*** Records for this exercise Section Begins ***

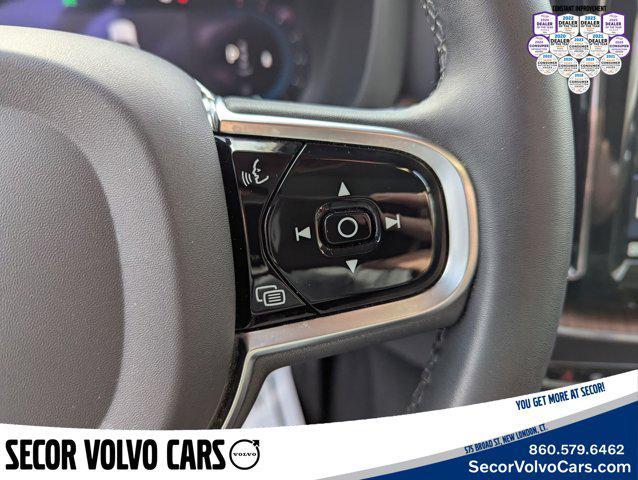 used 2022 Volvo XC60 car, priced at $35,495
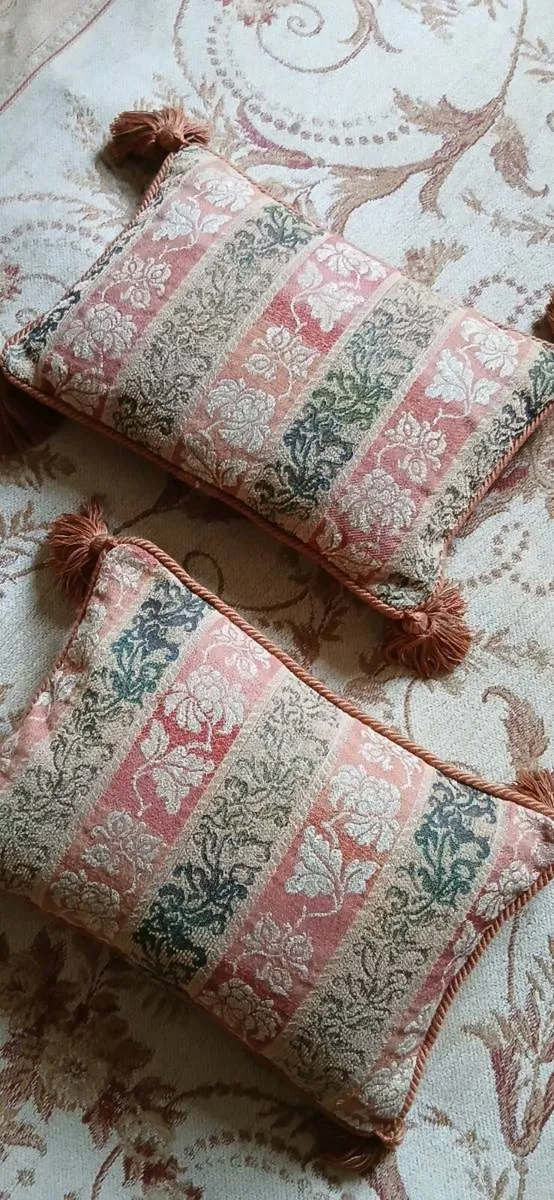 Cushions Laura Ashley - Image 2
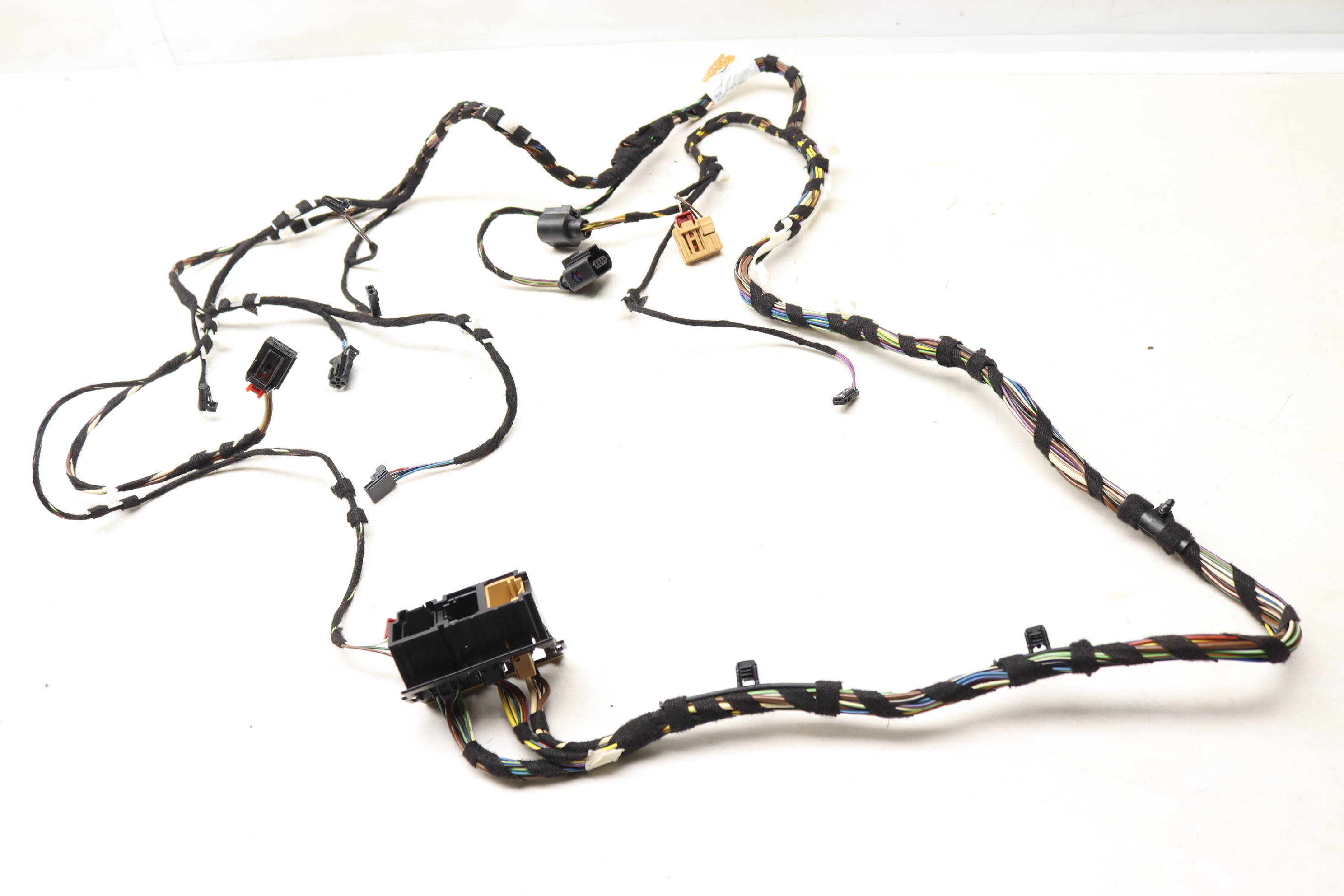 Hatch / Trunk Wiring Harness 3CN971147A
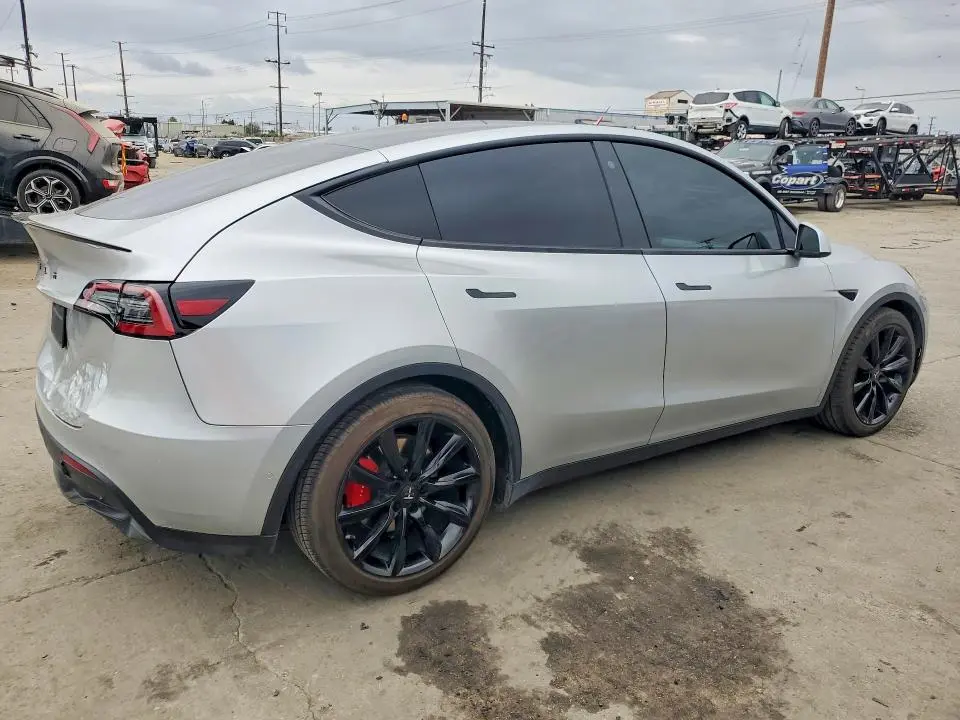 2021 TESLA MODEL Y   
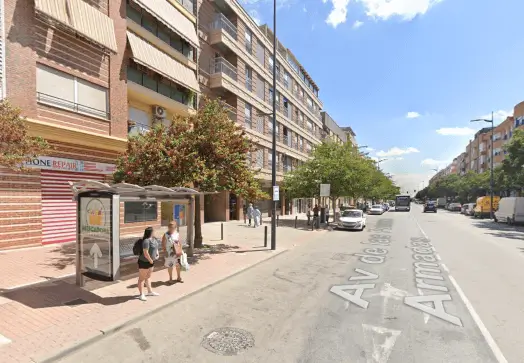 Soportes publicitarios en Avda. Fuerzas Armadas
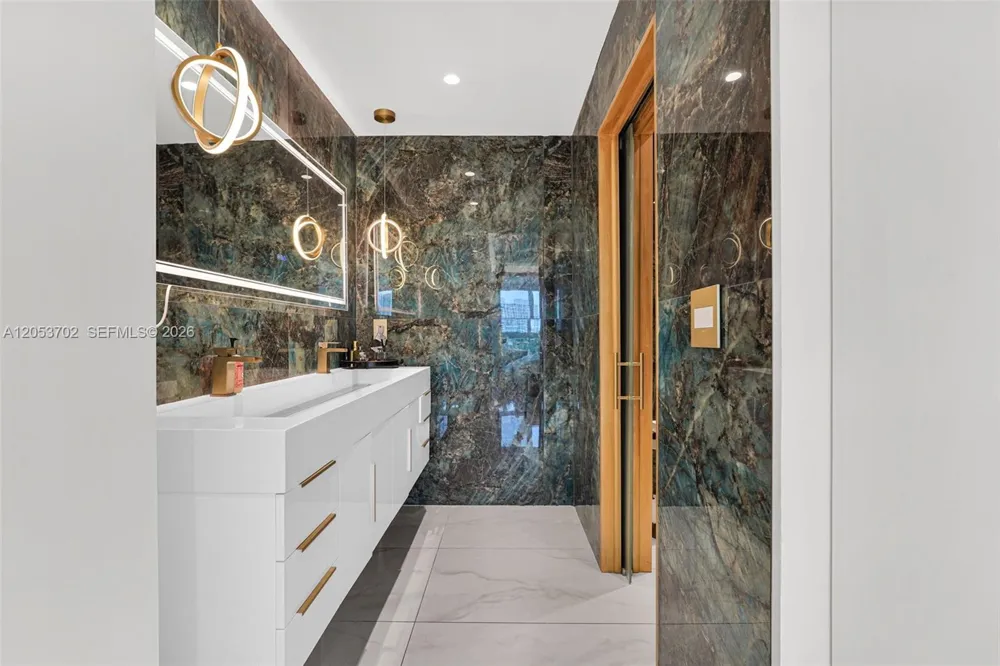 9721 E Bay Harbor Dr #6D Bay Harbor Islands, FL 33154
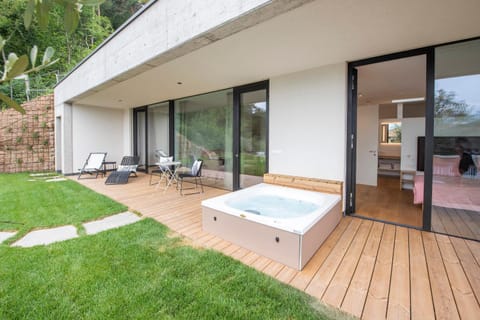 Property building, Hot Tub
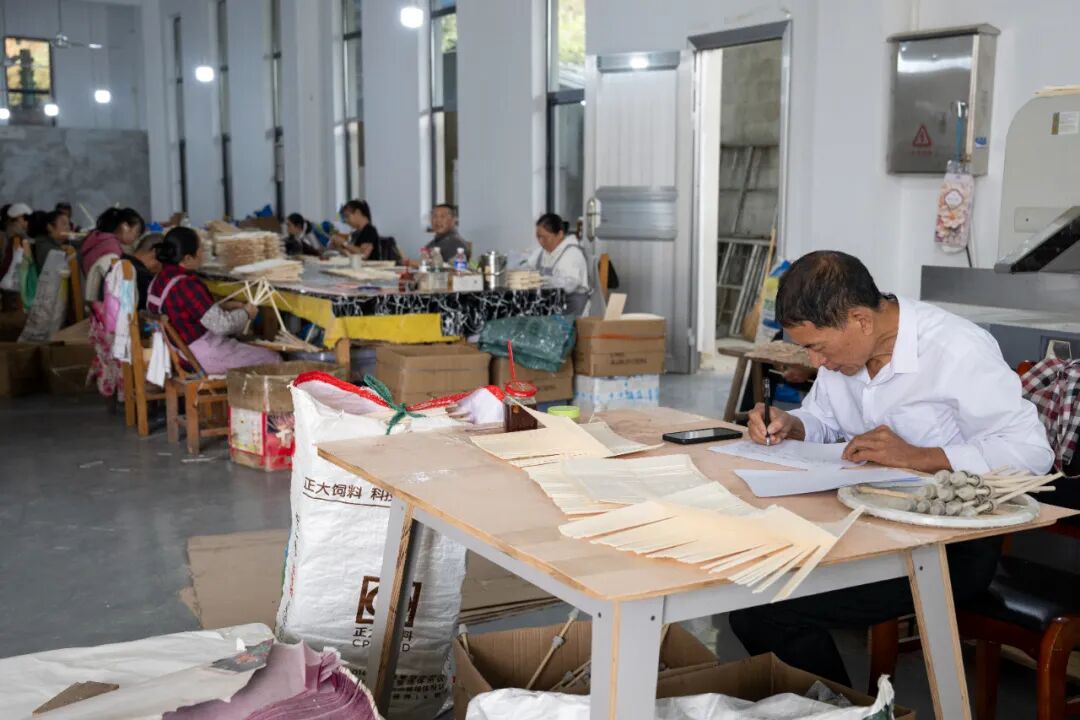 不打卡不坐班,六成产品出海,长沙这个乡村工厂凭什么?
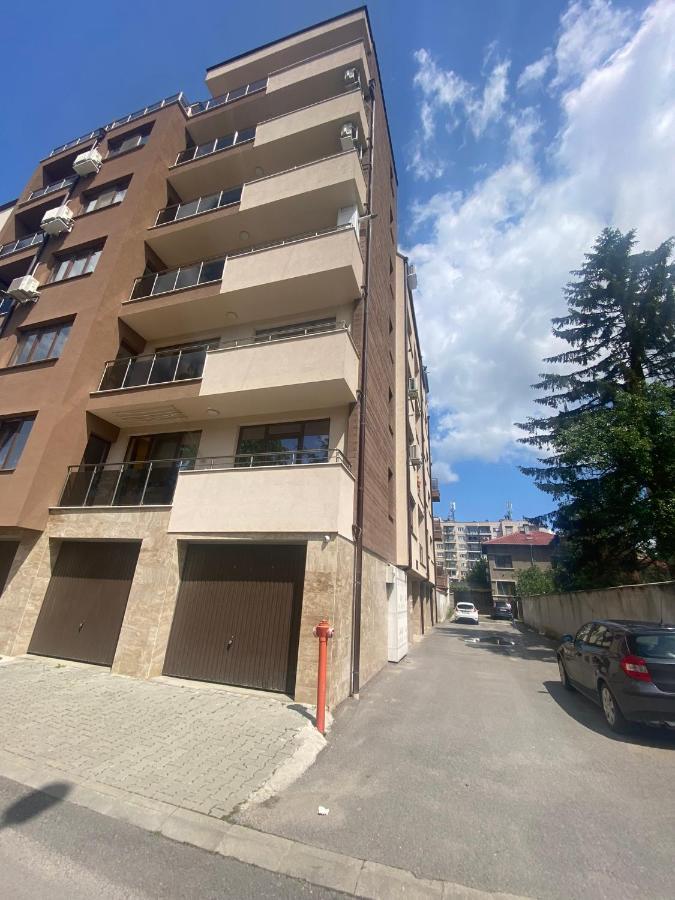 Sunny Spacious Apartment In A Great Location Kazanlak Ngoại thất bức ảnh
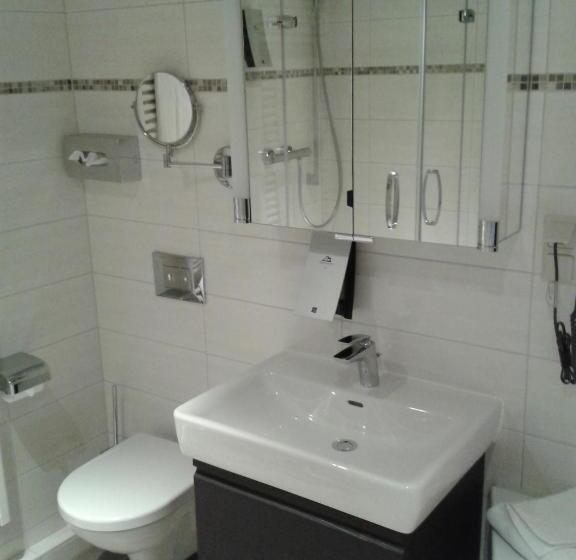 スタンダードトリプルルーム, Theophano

*** Records for this exercise Section Ends ***

Once the pictures are set aside, reproduce the records in full and exactly.

 used 2022 Volvo XC60 car, priced at $35,495
 Cushions Laura Ashley - Image 2
 Hatch / Trunk Wiring Harness 3CN971147A
 2021 TESLA MODEL Y   
 Soportes publicitarios en Avda. Fuerzas Armadas
 9721 E Bay Harbor Dr #6D Bay Harbor Islands, FL 33154
 Property building, Hot Tub
 不打卡不坐班,六成产品出海,长沙这个乡村工厂凭什么?
 Sunny Spacious Apartment In A Great Location Kazanlak Ngoại thất bức ảnh
 スタンダードトリプルルーム, Theophano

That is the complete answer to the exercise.